Hi Guys & Girls,
<begin_rant>
OK, so I am really, *really* starting to get fed up with this. I know this is probably my
fault, but even if it is then the oVirt documentation isn't helping in any way
(being... "less than clear").
What I would really like is instead of having to rely on the "black box" that is
Ansible, what I'd like is a simple set of clear cut instructions, Step-By-Step, so
that we actually *know* what was going on when attempting to do a Self-Hosted install.
After all, oVirt's "competition" doesn't make things so difficult...
<end_rant>
Now that I've got that on my chest, I'm trying to do a straight forward
Self-Hosted Install.
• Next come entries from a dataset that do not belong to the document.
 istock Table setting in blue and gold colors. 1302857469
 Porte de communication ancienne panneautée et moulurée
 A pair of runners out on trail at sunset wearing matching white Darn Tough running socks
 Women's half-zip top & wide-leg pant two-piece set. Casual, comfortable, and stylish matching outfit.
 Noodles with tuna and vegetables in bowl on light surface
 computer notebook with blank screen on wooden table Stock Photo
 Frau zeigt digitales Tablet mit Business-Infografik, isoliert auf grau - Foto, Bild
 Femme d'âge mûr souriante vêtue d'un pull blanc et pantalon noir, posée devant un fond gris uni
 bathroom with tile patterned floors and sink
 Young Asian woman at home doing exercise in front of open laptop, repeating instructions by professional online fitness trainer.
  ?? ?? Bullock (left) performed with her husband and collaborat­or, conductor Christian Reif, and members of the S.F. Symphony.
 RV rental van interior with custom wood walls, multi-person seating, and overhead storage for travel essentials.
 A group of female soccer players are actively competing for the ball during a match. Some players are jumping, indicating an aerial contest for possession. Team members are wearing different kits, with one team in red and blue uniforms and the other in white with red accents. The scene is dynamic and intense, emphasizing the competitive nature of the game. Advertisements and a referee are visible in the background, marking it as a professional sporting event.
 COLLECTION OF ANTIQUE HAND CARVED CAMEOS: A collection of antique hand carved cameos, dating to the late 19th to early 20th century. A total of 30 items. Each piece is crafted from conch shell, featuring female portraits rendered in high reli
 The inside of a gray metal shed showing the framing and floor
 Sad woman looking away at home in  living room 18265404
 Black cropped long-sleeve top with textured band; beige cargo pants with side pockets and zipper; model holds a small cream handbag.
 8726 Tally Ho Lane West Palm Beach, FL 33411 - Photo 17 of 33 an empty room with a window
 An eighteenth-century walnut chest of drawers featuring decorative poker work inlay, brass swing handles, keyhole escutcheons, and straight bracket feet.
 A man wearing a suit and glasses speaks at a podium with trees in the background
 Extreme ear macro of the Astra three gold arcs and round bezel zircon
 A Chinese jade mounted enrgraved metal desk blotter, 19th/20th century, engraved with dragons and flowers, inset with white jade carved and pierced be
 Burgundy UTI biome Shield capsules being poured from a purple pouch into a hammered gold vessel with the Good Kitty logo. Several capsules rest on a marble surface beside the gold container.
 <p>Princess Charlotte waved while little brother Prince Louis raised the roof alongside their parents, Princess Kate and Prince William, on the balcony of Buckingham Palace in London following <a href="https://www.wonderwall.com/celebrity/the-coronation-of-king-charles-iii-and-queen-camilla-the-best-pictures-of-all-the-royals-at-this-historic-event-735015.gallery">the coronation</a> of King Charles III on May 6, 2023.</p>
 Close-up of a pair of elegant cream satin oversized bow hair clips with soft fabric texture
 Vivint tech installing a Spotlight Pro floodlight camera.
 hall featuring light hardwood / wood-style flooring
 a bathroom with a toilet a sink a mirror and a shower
I've followed the instructions in the oVirt doco pretty much to
the letter, and I'm still having problems.
My (pre-install) set-up:
- A freshly installed server (oVirt_Node_1) running Rocky Linux 8.6 with 3 NICs - NIC_1,
NIC_2, & NIC_3.
- There are three VLANs - VLAN_A (172.16.1.0/24), VLAN_B (172.16.2.0/24), & VLAN_C
(172.16.3.0/24).
- NIC_1 & NIC_2 are formed into a bond (bond_1).
- bond_1 is an 802.3ad bond.
- bond_1 has 2 sub-interfaces - bond_1.a & bond_1.b
- Interface bond_1.a in in VLAN_A.
- Interface bond_1.b is in VLAN_B.
- NIC_3 is sitting in VLAN_C.
- VLAN_A is the everyday "working" VLAN where the rest of the servers all sit
(ie DNS Servers, Local Repository Server, etc, etc, etc), and where the oVirt Engine (OVE)
will sit.
- VLAN B is for data throughput to and from the Ceph iSCSI Gateways in our Ceph Storage
Cluster. This is a dedicated isolated VLAN with no gateway (ie only the oVirt Hosting
Nodes and the Ceph iSCSI Gateways are on this VLAN).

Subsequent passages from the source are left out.